Balancing a Holiday Food Budget While Keeping Healthy Eating a Priority

Today’s post comes from Karen Buch, RDN, LDN. Karen is widely recognized nutrition expert with broad experience in retail dietetics. She is owner and principal consultant at Nutrition Connections LLC  and Chair of the Supermarket/Retail Subgroup in the Food and Culinary Professionals Dietetic Practice Group in the Academy of Nutrition and Dietetics. See more of her writing at Retail Dietitians Business Alliance in RDBA Weekly, where she is Interim Editor. 

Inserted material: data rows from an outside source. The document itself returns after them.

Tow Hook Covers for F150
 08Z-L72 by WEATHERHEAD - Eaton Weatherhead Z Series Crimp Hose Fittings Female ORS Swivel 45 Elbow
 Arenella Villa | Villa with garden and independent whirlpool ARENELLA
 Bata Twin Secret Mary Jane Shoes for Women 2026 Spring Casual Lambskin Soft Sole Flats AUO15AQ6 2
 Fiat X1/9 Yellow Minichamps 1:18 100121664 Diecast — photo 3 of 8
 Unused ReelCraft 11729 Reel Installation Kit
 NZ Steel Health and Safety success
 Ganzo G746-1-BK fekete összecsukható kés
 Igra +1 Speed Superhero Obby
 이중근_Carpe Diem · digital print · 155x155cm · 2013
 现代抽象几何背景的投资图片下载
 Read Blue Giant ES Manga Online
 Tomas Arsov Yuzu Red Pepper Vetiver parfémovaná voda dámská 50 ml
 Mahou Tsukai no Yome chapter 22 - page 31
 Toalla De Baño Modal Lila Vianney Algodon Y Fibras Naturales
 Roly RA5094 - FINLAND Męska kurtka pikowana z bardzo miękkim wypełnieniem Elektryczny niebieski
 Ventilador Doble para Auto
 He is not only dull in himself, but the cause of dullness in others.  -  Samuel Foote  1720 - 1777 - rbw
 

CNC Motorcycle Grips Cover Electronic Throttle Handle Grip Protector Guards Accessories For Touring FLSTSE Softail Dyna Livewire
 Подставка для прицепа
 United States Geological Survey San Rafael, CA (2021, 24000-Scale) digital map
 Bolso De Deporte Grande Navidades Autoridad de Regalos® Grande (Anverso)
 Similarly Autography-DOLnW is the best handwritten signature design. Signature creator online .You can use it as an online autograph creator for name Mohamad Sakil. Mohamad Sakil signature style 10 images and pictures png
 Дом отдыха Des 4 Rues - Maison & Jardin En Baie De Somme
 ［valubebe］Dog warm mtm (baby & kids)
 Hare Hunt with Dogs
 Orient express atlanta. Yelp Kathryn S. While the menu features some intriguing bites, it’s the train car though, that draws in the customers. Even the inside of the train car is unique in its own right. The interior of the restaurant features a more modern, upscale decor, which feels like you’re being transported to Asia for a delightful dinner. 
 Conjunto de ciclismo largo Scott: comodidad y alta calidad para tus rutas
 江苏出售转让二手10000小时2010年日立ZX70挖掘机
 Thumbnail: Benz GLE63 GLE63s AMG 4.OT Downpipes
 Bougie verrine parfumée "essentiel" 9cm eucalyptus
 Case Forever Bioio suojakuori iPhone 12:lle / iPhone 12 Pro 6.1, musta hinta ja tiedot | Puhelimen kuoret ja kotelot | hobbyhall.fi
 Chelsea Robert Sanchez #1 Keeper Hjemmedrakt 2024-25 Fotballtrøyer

With the holidays approaching, consumers are feeling the pinch of higher food prices at a time when they’re trying to set aside enough money for gifts and family celebrations. Even the sharp decline in gas prices in recent months, to below $3 per gallon for the first time since 2010, may not be enough to make up for the escalation in food prices this year. Food costs represent three times more than what consumers spend at the pump.1 It will take time and a sustained dip in fuel costs to translate to lower food costs in the future. So, here’s how you can help your patients and clients balance their budget this holiday season, while keeping healthy eating a priority.

1. Plan, Plan, Plan
Guide budget-conscious clients to set a weekly grocery spending cap that fits within their holiday entertainment plans. Setting a firm dollar limit can help prioritize food menu options for planned events; in November this year, the USDA estimated a cost of about $150 per week to feed a family of four nutritiously on its thrifty eating plan.2  Begin by listing all of the must-have food items, and then fill in with complimentary items. Encourage them to start early and use online grocery ad circulars, digital coupon sites and food shopping apps to help predict costs, find hot, promotional prices and capture extra coupon savings.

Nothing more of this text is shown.